I went home and filled 5 more trash bags with items that were not needed any longer. This sounds overwhelming to some but to those seeking simplicity it sounds like the smoothest chocolate melting in your mouth! Here’s the thing though, we have to stop the flow of incoming items.

After parting with so much I realized I still had SO MUCH STUFF! This takes time. We have been collecting things for over 15 years. This is the hard part. I had to take a hard look at some items I had and know that it wasn’t the item that was special, it was the person that gave it to me that was special.

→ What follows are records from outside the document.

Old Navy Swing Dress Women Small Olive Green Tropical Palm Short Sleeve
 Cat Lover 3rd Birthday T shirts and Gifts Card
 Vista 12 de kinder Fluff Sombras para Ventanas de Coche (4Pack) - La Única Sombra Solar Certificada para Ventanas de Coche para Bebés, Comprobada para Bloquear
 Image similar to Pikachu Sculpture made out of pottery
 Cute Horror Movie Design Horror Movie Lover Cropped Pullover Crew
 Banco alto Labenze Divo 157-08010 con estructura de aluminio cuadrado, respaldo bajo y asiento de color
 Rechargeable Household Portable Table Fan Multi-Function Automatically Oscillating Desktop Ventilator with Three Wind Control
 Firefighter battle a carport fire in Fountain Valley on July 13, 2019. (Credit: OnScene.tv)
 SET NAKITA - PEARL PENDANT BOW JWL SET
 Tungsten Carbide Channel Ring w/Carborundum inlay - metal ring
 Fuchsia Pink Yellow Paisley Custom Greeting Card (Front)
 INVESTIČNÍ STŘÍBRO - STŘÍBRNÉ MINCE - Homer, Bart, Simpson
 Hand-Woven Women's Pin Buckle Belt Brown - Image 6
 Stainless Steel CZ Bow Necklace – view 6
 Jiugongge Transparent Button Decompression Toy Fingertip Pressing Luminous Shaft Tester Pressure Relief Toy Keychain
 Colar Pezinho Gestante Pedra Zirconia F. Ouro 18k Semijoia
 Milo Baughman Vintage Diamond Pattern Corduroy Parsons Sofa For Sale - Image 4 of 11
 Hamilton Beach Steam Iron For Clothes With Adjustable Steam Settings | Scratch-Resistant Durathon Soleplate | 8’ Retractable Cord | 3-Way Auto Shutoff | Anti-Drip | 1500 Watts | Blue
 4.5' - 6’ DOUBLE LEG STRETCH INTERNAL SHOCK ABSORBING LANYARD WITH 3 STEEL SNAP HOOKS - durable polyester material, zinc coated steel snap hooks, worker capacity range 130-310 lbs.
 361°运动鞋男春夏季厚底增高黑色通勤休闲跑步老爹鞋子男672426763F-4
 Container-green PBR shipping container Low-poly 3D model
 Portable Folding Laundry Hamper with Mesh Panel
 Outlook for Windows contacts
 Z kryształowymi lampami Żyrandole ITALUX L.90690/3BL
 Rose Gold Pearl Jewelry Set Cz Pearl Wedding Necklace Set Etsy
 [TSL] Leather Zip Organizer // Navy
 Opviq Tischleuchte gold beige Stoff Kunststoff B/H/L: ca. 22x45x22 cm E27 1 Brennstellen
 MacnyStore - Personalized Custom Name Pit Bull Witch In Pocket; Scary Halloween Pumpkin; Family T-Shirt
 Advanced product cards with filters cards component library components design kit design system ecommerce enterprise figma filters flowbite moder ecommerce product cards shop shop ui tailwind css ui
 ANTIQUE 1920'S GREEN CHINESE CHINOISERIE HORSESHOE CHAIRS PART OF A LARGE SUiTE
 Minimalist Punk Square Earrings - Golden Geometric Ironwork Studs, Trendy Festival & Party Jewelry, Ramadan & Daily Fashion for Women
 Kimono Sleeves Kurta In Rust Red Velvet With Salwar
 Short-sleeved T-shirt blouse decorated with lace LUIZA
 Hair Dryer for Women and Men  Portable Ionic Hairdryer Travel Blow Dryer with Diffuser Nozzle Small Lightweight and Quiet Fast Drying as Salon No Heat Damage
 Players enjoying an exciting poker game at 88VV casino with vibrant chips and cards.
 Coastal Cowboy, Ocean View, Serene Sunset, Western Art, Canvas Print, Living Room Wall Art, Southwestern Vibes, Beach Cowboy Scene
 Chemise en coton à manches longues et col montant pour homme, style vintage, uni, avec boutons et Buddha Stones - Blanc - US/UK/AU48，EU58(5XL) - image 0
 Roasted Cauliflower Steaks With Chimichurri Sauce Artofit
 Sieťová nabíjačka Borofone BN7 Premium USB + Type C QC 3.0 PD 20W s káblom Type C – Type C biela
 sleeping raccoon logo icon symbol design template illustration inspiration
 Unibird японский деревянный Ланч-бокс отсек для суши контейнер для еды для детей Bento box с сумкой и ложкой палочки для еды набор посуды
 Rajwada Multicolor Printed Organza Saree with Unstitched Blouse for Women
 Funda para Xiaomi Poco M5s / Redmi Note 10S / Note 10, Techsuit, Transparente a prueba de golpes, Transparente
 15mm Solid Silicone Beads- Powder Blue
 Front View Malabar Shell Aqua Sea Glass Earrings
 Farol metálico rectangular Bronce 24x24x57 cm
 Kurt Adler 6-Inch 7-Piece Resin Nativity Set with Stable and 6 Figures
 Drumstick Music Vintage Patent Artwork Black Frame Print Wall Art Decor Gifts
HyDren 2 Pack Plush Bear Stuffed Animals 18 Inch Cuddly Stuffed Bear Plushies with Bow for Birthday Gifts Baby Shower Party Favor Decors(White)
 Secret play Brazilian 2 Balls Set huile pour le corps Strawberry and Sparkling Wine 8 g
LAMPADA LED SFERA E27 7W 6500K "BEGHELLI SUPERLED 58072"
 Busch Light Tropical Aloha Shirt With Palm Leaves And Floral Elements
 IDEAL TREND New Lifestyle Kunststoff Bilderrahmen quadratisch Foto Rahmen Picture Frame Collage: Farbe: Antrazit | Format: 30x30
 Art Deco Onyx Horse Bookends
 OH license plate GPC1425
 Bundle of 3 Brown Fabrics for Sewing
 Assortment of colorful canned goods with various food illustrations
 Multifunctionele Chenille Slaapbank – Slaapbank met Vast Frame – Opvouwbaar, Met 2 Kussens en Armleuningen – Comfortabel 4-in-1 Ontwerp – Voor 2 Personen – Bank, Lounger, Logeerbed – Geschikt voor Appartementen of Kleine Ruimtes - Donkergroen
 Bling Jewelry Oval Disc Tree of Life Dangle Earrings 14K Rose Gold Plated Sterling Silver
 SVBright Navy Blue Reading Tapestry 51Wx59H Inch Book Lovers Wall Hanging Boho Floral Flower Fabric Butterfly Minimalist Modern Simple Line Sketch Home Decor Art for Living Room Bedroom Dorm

I couldn’t move forward at times for fear the person that gave me said item might find out and wonder why I didn’t love the item they picked out for me as much as they did. I had to stop feeling guilty and start taking my own feelings into account. It isn’t your fault that someone bought an item for you. It is okay to tell your friends and family that you are steering clear of more stuff and would rather just spend the day with them.

Making more time to spend with those you love is a greater gift than an item that will be placed on a shelf or in a drawer. I have a dear friend I met in my 20’s and we choose to not exchange gifts at holidays or birthdays. Instead we take a night to get together and have a meal together. We enjoy this time so much. It gives us a reason to get together and it frees us from finding the perfect gift that shows how much we care. Being together shows that better than any gift could.

So how do we politely tell our friends and family we don’t want more stuff? This can be really difficult. Sometimes those you tell, won’t understand your decision. They may become critical and poke fun stating you have too much stuff to be a minimalist. Take that with a grain of salt and know that your journey is your own. Continue moving towards the life you want. When they do ask though what you want for birthdays or Christmas gifts for yourself or your kids, this is your open door! Give them some honest ideas. Tell them a meal out with them would be nice. Experiences are always great gifts. Let them know your kids are wanting to try out horseback riding, or a new class. Maybe they want to see a new movie at the theater. There are plenty of gift ideas out there that don’t require adding to your stuff collection.

Lastly remember to give yourself grace and time. Your house will not be finished over night. It takes time to go through an entire home full of collected items. Give yourself the time to go through it all. Sometimes it may even take 2 or 3 passes to get to a place that feels right. I know from personal experience that my closet took several passes. It is still not exactly how I want it, but each time I do it I realize items I kept last time are items I can let go off this time around. Don’t wait to get back into those size 6 jeans you wore pre-pregnancy. Let them go and if you ever get back to that size, tackle getting new jeans then. Don’t keep those items that don’t fit.

Enjoy the journey and… don’t buy any more bins! Let your journey be your own and allow it to be full of grace and intention!